The EKS Node Monitoring Agent (NMA) is an AWS-provided node health monitoring tool that automatically detects and reports hardware and system-level issues on EKS cluster nodes. GA in 2024, it works alongside Node Auto Repair for improved cluster stability.

Key Features

  • Log-based problem detection: Real-time system log analysis with pattern matching
  • Automatic event generation: Creates Kubernetes Events and Node Conditions on detection
  • CloudWatch integration: Centralized monitoring via CloudWatch
  • EKS Add-on support: Simple installation and management

Architecture

DaemonSet-based deployment monitoring: Container Runtime, Storage, Networking, Kernel, and Accelerated Hardware (GPU/Neuron).

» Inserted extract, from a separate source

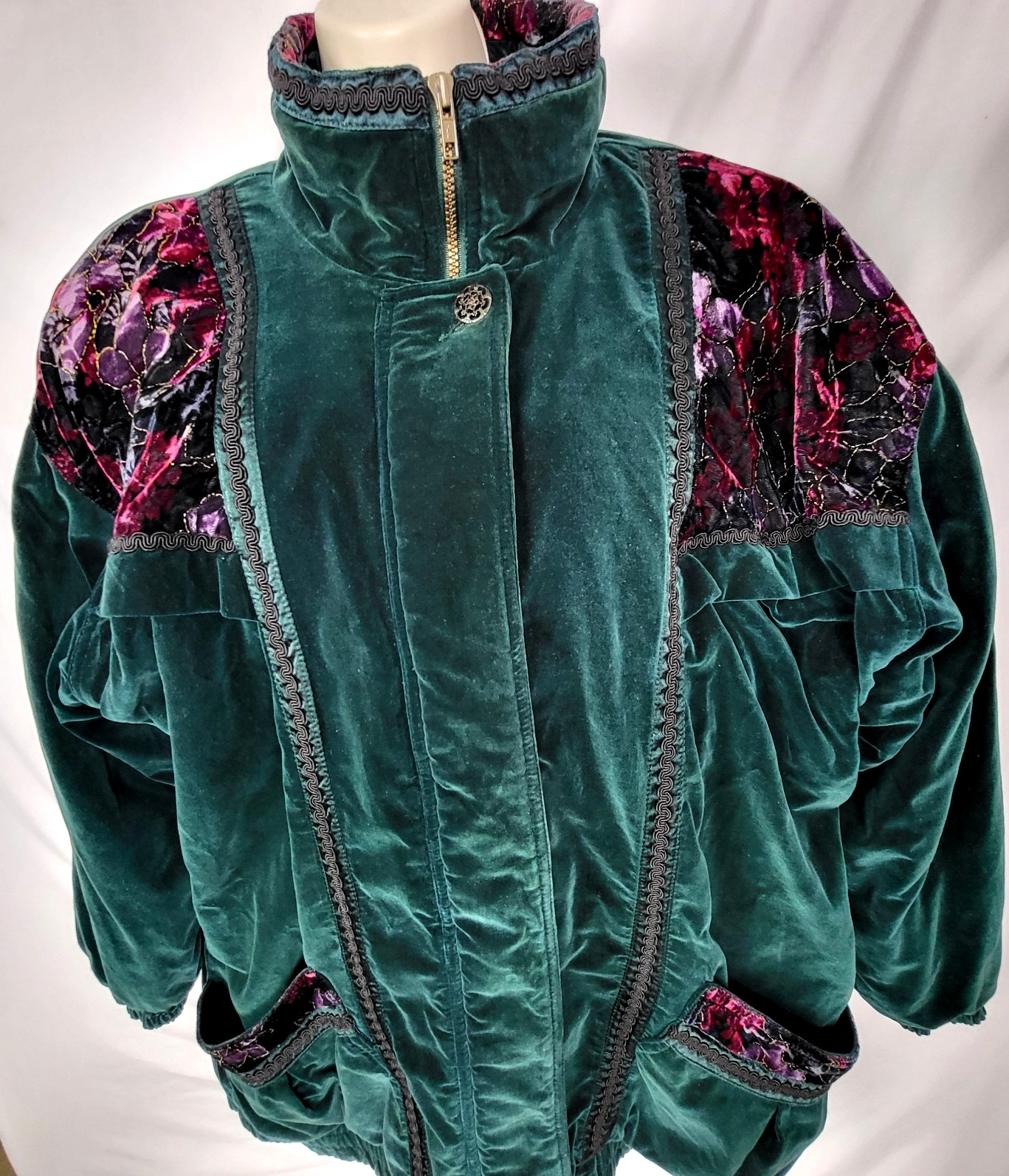 Current Seen Coat Women’s L Floral Green Velvet Full Zip Insulated Vintage 80s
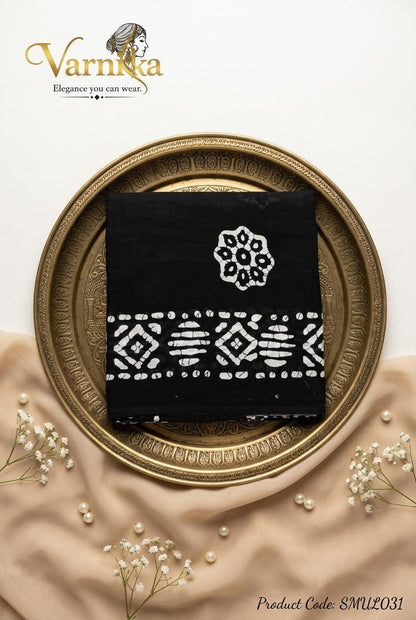 SMUL031 -  Midnight Monochrome Batik Mulmul Cotton Saree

Uses controller-runtime for K8s-native integration.

Node Conditions

  • ContainerRuntimeReady, StorageReady, NetworkingReady, KernelReady, AcceleratedHardwareReady

Detectable Issues

Conditions (auto-repair targets): DiskPressure, MemoryPressure, PIDPressure, NetworkUnavailable, KubeletUnhealthy, ContainerRuntimeUnhealthy

Events (warning only): Kernel soft lockup, I/O delays, filesystem errors, network packet loss, hardware error indicators

Limitations

  • Not a metrics collection tool — log-based analysis only
  • Cannot detect sudden hardware failures or complete network disconnection
  • Limited Prometheus endpoint (port 8080)

Best Practices

Use NMA as L1 (state detection) in a multi-layer monitoring stack: L1 NMA → L2 Container Insights/Prometheus → L3 Node Auto Repair → L4 Unified Dashboard.

Resource usage: CPU 10m-250m, Memory 30Mi-100Mi.